### WHAT YOU HAVE TO DO
The output should match, line for line, the records from the line containing "Single-story brick house" through the line containing "A Japanese Black", with every picture left out.

### RECORDS FOR THE TASK
[Start of section]
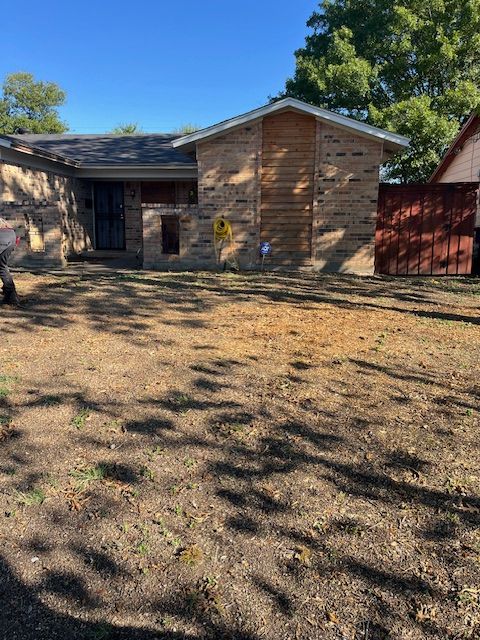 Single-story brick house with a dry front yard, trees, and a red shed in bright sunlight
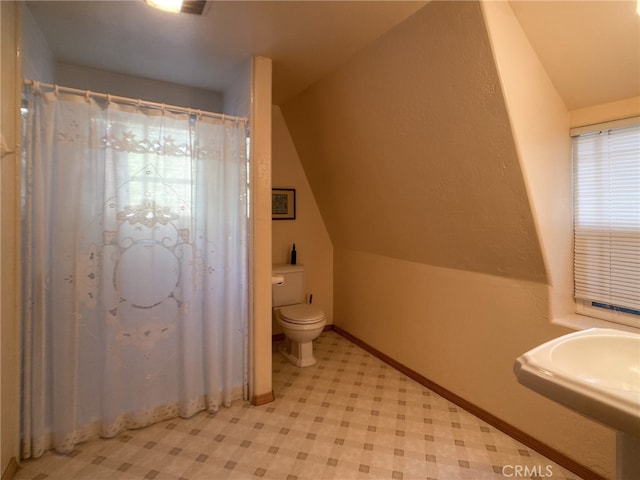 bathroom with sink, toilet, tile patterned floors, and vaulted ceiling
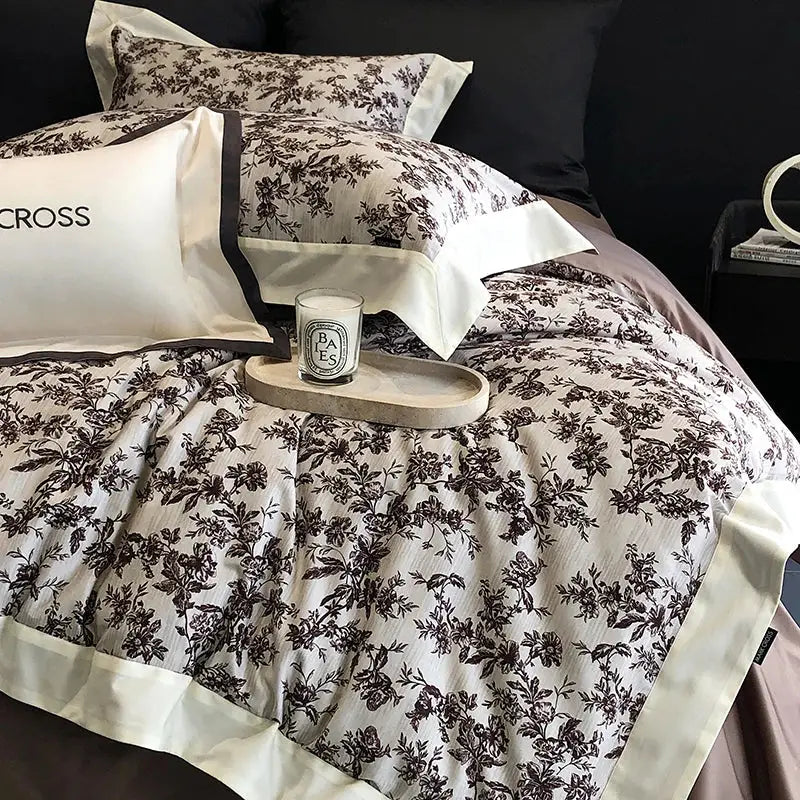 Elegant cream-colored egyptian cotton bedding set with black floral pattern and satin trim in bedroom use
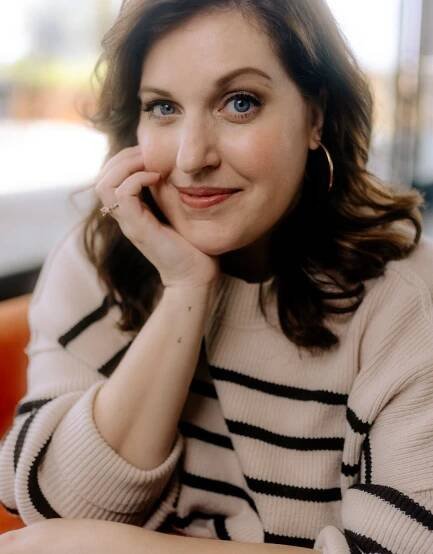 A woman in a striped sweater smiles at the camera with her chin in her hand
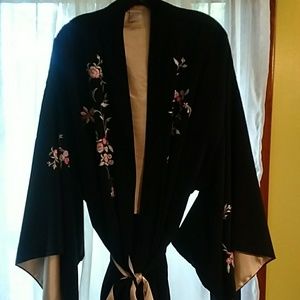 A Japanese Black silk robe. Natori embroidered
[End of section]
[Start of section]
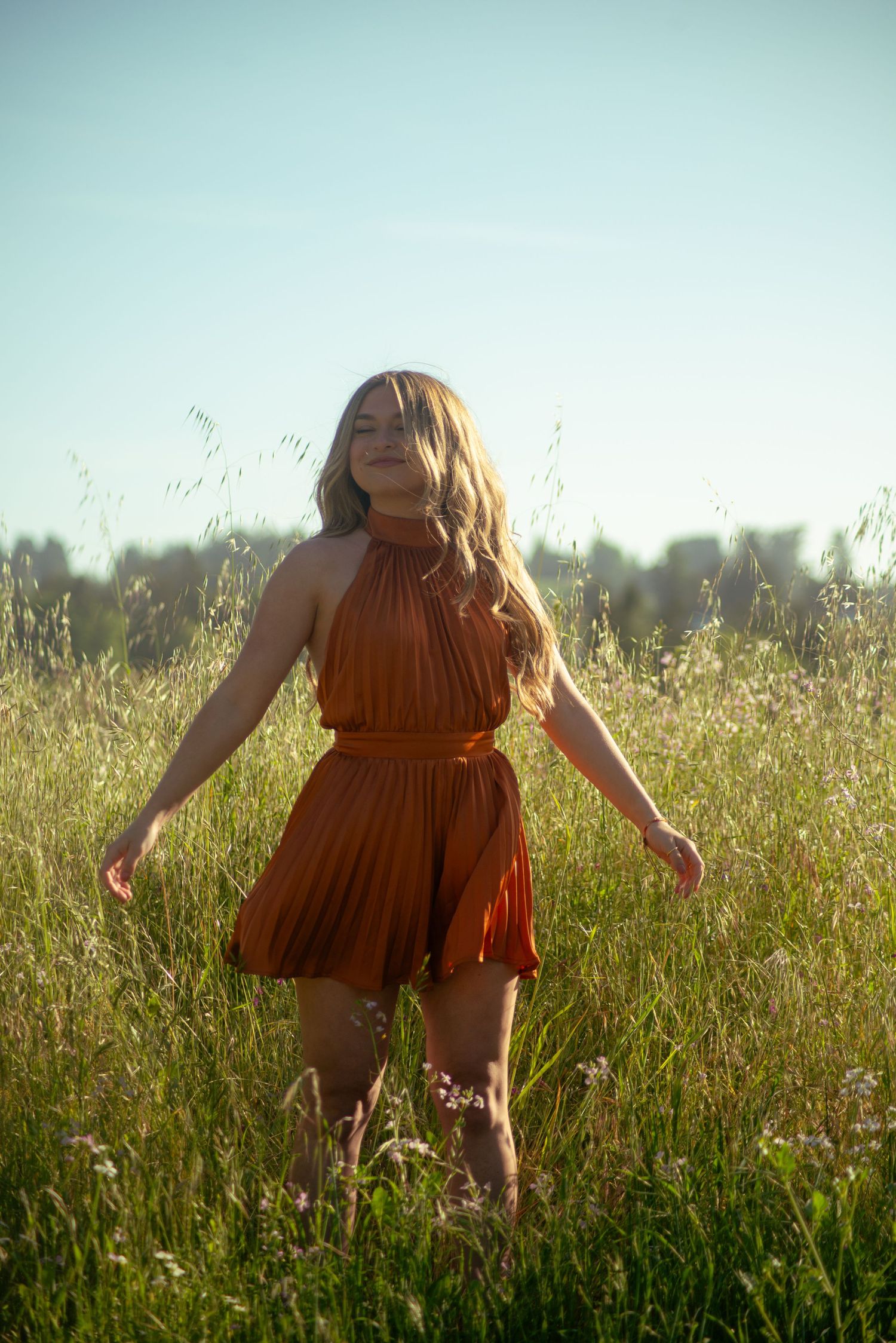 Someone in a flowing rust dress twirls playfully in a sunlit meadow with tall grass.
[End of section]
[Start of section]
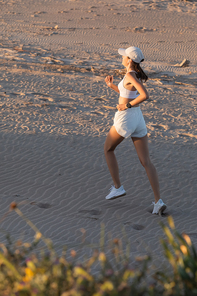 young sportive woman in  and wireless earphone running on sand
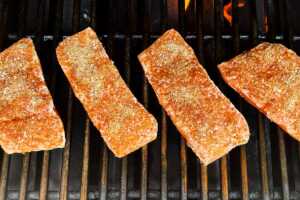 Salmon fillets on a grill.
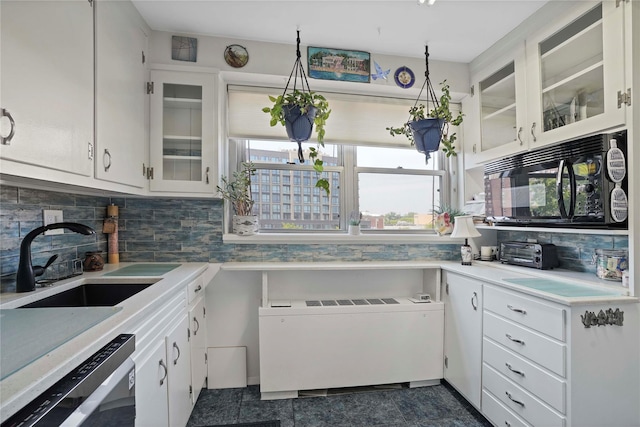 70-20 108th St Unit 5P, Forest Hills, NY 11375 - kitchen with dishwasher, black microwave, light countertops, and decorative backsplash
[End of section]
### OUTPUT OF THE EXERCISE
 Single-story brick house with a dry front yard, trees, and a red shed in bright sunlight
 bathroom with sink, toilet, tile patterned floors, and vaulted ceiling
 Elegant cream-colored egyptian cotton bedding set with black floral pattern and satin trim in bedroom use
 A woman in a striped sweater smiles at the camera with her chin in her hand
 A Japanese Black silk robe. Natori embroidered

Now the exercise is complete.